Suppose I am using loo on a hierarchical model where most groups are data-rich and some are data-poor. I expect unreliable performance and bad pareto-k diagnostics due to the data-poor groups. Suppose that indeed I have multiple high k’s, but they are confined to the data-poor groups.
I am willing to assume that models that yield better predictive performance across the data-rich groups will also yield better (or not worse) performance across the data-poor groups. I’m thinking about the case where, for example, I model a random intercept and then a single set of universal slopes, and I’m doing comparisons among alternative sets of covariates included in the universal effects. If I’m willing to assume that these effects are identical across groups, then I shouldn’t care too much about dropping a handful of data-poor groups as I explore alternative specifications for these effects. Thus, I am willing to do model comparison using only the rows pertaining to data-rich groups, which in my hypothetical example all have acceptable pareto-k diagnostics. I have two questions for @avehtari and others:
Is this an obviously terrible course of action? Why?
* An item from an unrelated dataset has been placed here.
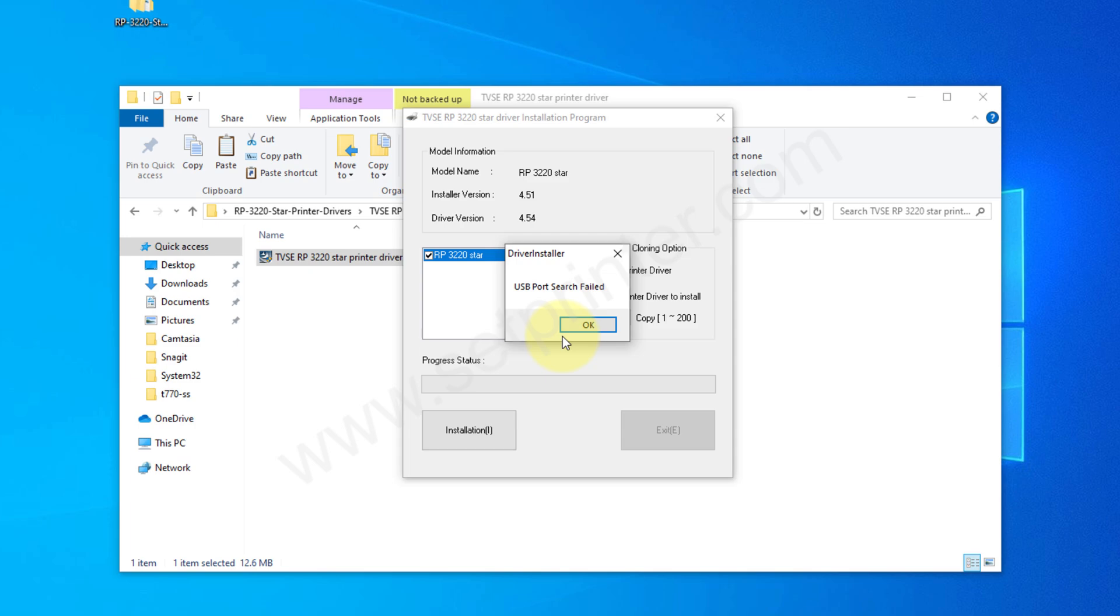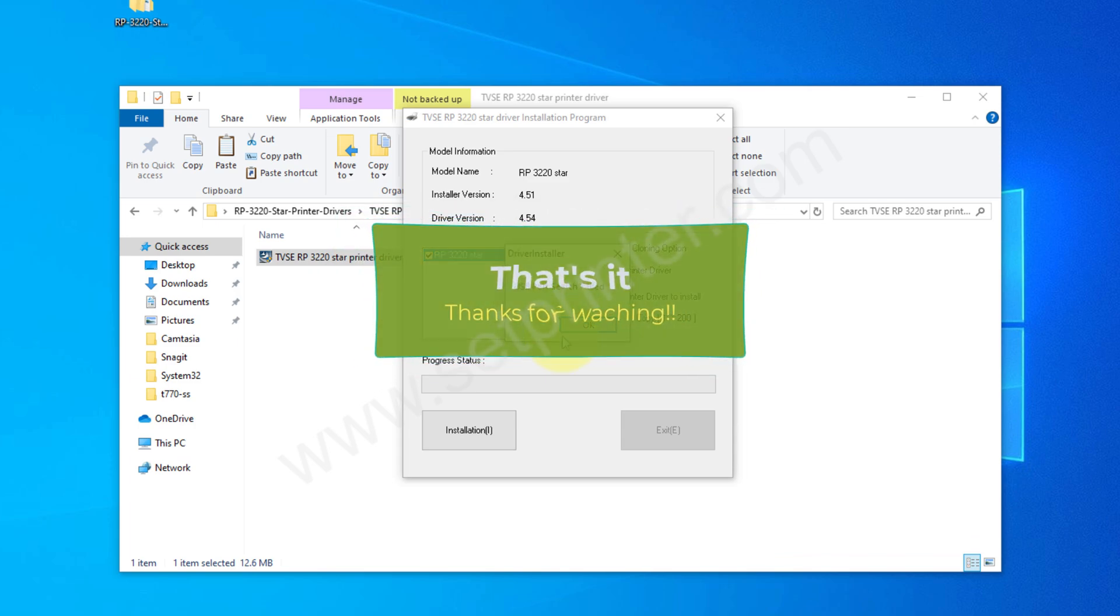It says the search has failed, which means it didn't find the printer. I will have to check if the USB cable is connected properly or not. Anyway, I'll tell you what you need to do next. You need to click on next and then click on finish after searching for the printer. That's it. So this is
In a setting like the example above, would it also be fine to just ignore the Pareto k warnings from the full log-likelihood matrix? In other words, (in the limited setting describe above) is it possible for the full matrix to yield model comparison results that are radically different from the partial matrix? How would that happen?
I think it would be helpful to define “predictive”: are you interested in predicting new observations from existing groups, or new observations from new groups? If the latter, you could compute loo using a likelihood that is marginalized over the random intercepts, in which case the data-poor/data-rich distinction is no longer as relevant (and pareto-k issues tend to go away). Here is a paper describing related issues:
It would help to know whether you plan to make predictions for new groups or for the existing groups (or not going to make any predictions).
If you used the model to make predictions for new groups, and the data-poor groups don’t differ from the data-rich groups except for the amount of data, you can assume exchangeability among the data-poor, data-rich, and the new groups, and then it would be ok base the estimate on those groups where the predictive performance estimate is more reliable.
If you used the model to make predictions for the existing groups, even if you would assume exchangeability, the learning curve for the group specific parameter(s) can be such that a different model can be the best depending on the amount of data for the group (there is an example in Bayesian hierarchical stacking paper)…
If the differences between the models performances are big, then dropping some loo folds or including them despite bad Pareto k’s, then the model comparison results are not sensitive. Especially in the early part of the workflow, it may be possible to drop some inferior models. If you want to get more accurate computations in the end, you could try moment matching loo, integrated loo, or brute force.
How big error there might be when we see high Pareto \hat{k} values is difficult to know, as then the error distribution has a very long tail. Most of the time you would observe over-optimistic results, but if you are unlucky you can get also very over-pessimistic results.